Exercise brief:
Using the records below, write out again exactly the lines that begin at the line containing "Kolorowa sałatka z tortellini" and end at the line containing "Used Land Rover", and no other lines.

Provided information:

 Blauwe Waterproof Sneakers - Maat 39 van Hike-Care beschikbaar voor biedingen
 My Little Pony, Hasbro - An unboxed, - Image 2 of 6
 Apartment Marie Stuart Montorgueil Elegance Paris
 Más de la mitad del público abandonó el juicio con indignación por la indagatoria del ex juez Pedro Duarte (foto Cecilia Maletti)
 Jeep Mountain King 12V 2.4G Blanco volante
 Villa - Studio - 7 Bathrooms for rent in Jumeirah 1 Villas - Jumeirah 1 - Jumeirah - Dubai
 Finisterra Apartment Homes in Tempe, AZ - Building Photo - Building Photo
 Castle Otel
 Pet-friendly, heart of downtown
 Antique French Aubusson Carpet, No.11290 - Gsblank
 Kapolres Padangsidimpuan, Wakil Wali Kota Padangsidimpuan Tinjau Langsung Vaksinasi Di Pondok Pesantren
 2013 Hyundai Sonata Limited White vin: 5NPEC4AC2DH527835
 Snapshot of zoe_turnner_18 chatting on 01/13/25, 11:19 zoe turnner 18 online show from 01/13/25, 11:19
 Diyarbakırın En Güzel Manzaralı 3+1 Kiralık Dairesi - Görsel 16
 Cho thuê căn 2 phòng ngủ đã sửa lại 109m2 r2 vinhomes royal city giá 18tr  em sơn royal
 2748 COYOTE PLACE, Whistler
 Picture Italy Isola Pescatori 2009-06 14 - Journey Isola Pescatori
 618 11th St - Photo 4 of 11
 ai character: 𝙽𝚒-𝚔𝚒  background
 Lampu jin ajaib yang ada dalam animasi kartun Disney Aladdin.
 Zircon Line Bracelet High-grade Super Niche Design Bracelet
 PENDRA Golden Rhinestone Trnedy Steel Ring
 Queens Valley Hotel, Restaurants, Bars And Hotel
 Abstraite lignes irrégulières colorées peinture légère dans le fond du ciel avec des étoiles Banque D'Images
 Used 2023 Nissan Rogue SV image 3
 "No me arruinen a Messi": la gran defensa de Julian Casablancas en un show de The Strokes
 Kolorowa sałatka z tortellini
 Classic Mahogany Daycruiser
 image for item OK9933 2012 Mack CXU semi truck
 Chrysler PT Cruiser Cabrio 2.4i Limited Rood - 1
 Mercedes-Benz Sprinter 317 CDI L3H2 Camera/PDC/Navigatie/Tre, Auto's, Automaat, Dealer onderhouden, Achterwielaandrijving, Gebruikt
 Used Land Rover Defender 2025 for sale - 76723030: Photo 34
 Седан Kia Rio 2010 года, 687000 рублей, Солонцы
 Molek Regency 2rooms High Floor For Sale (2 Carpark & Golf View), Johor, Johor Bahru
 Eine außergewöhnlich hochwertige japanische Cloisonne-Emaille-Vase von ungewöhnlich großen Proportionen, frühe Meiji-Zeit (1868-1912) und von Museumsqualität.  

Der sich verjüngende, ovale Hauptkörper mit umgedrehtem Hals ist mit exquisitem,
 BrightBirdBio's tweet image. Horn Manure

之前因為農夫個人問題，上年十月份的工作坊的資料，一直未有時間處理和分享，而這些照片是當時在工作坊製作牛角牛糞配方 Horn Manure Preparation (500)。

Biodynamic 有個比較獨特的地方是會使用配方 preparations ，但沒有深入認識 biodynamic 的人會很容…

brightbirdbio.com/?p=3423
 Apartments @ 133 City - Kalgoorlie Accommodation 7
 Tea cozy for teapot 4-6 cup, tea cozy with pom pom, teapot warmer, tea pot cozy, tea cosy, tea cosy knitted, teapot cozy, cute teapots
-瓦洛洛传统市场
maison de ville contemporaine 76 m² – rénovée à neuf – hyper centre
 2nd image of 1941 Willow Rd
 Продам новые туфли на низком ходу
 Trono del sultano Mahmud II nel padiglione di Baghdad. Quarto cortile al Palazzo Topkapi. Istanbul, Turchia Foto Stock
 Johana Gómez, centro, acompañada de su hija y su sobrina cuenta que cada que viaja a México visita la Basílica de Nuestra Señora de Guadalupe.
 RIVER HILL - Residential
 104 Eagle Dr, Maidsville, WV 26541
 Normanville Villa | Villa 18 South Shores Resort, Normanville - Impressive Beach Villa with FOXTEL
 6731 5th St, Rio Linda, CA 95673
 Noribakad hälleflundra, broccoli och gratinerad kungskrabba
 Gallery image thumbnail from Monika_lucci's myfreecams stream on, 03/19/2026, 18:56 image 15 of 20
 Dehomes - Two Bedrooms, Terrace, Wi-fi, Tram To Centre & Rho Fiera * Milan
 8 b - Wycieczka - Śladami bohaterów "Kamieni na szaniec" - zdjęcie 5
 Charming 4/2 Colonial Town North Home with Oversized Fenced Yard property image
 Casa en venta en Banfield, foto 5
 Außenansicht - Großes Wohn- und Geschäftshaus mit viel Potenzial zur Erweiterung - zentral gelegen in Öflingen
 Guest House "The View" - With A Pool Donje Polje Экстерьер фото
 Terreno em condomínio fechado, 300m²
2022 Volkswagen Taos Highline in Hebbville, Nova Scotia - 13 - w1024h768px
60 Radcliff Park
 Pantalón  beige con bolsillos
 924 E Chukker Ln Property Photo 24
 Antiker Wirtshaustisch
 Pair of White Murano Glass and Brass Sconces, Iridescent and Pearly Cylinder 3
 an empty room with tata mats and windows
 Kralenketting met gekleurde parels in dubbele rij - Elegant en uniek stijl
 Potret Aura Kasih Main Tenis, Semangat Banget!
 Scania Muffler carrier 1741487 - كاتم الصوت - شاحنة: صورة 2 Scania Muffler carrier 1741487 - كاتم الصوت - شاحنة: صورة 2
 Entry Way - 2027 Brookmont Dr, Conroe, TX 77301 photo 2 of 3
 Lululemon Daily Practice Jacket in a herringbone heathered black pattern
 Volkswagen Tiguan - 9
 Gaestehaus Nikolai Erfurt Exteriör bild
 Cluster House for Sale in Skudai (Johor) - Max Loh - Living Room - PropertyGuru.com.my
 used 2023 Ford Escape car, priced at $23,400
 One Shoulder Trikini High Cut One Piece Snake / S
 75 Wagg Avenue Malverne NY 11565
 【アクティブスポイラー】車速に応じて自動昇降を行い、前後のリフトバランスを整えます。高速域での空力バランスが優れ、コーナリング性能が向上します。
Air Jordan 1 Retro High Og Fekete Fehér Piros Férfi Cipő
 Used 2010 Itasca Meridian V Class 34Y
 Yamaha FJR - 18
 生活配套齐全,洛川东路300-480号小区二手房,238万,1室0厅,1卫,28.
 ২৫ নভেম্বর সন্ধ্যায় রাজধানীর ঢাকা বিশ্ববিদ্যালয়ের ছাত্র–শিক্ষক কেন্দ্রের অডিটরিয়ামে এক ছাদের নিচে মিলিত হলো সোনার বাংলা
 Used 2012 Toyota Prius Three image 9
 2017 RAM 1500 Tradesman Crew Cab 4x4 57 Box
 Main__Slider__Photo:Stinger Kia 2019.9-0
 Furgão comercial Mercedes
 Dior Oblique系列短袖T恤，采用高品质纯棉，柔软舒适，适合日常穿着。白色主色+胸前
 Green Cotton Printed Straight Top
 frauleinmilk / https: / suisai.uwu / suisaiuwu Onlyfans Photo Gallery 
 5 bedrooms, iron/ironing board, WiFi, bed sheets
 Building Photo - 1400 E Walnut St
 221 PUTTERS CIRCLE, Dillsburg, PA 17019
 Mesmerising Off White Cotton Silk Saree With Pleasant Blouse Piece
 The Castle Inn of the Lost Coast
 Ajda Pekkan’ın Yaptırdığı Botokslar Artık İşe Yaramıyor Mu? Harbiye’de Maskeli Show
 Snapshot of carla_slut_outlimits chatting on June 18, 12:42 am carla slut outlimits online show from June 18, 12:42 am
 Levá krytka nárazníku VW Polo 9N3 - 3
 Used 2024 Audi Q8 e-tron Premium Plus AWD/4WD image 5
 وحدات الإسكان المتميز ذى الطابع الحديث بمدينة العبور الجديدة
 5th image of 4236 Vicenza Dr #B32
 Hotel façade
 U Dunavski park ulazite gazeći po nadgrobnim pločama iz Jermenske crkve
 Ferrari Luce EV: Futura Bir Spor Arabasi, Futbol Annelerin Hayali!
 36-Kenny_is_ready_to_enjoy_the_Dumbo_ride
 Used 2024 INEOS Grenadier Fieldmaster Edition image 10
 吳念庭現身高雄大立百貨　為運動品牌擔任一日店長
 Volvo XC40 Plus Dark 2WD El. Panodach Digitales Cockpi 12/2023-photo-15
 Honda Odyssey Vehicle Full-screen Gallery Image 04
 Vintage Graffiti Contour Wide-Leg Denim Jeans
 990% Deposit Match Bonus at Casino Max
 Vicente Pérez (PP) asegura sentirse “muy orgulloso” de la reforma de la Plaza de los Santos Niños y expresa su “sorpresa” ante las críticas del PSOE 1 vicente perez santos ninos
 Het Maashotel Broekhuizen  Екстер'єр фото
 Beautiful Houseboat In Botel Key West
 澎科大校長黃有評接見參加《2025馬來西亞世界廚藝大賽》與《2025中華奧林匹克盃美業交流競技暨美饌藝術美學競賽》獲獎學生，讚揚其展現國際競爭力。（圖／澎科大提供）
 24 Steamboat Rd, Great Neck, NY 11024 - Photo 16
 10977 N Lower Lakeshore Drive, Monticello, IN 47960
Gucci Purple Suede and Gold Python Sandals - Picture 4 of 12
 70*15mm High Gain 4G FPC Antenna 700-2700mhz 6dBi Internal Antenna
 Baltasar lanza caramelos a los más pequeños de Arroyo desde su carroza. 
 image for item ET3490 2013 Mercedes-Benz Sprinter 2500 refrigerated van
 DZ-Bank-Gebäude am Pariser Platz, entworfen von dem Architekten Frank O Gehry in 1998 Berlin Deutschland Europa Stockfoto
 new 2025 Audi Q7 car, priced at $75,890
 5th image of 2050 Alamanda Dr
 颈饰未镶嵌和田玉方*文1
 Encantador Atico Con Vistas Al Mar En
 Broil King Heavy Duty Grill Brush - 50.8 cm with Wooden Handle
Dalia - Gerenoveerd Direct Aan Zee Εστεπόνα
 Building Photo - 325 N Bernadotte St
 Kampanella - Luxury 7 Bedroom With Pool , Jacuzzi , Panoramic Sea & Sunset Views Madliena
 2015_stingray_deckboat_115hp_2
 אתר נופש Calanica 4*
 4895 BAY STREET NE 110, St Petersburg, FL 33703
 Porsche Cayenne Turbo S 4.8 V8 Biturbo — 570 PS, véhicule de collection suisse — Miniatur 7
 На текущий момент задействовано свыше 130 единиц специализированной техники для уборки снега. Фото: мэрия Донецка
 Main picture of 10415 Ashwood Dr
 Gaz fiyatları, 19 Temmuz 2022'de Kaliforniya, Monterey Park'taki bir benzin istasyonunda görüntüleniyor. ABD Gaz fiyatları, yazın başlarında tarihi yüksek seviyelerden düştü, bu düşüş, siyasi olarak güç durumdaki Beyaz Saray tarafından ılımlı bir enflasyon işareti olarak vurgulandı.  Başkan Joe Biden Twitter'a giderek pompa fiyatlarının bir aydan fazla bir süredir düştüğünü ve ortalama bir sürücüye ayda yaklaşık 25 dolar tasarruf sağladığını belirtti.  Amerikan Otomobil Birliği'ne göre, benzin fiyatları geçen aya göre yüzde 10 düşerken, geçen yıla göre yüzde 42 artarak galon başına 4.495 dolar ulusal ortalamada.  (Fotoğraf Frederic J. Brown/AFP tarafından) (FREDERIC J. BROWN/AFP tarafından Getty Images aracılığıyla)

Response area:
 Kolorowa sałatka z tortellini
 Classic Mahogany Daycruiser
 image for item OK9933 2012 Mack CXU semi truck
 Chrysler PT Cruiser Cabrio 2.4i Limited Rood - 1
 Mercedes-Benz Sprinter 317 CDI L3H2 Camera/PDC/Navigatie/Tre, Auto's, Automaat, Dealer onderhouden, Achterwielaandrijving, Gebruikt
 Used Land Rover Defender 2025 for sale - 76723030: Photo 34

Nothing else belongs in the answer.